● **Task to complete**:
Nothing but the lines below from the one that contains "高姿 柔皙透白精华防晒乳SPF50+PA+++15g" through the one that contains "Монета 10 копеек 1957 года (вид 2)" should be retyped, exactly and including both ends. Do not include pictures.

● **Records to process**:
· · · ·

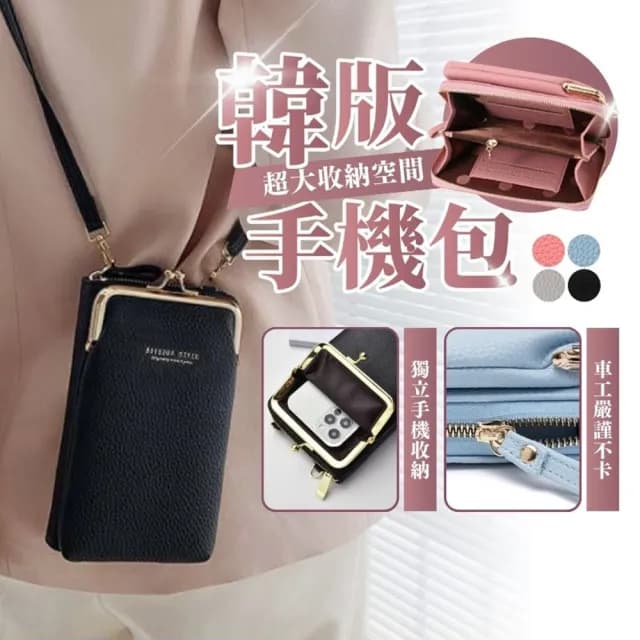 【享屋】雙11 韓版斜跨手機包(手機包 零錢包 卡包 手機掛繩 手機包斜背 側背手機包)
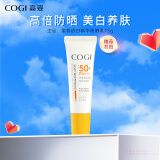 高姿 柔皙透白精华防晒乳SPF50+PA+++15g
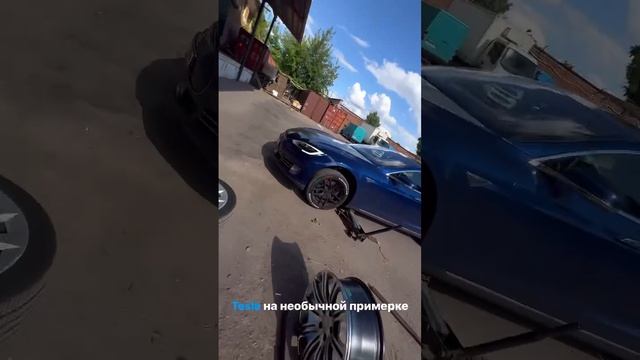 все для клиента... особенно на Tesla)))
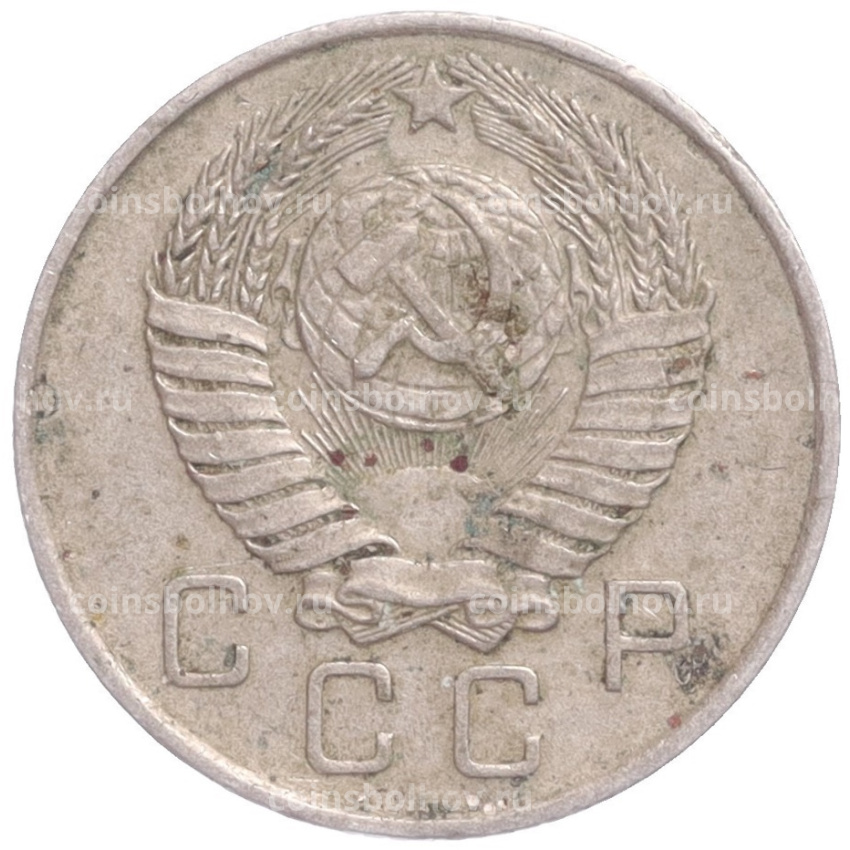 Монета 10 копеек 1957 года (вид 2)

· · · ·

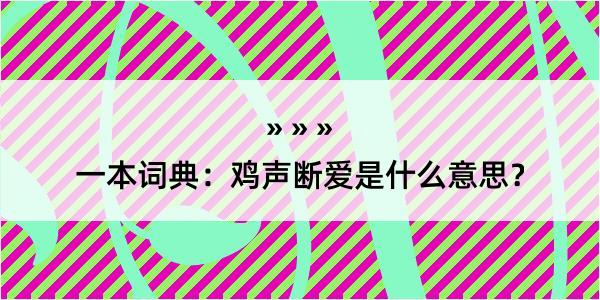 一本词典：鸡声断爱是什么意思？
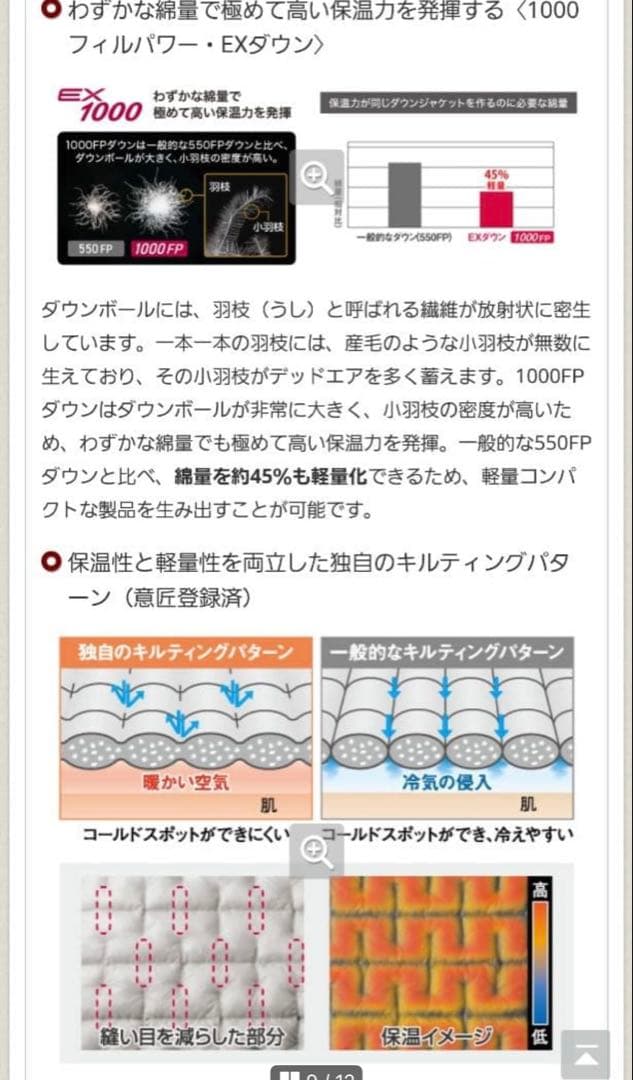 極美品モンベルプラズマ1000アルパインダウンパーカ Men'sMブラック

· · · ·

● **Answer area**:
 高姿 柔皙透白精华防晒乳SPF50+PA+++15g
 все для клиента... особенно на Tesla)))
 Монета 10 копеек 1957 года (вид 2)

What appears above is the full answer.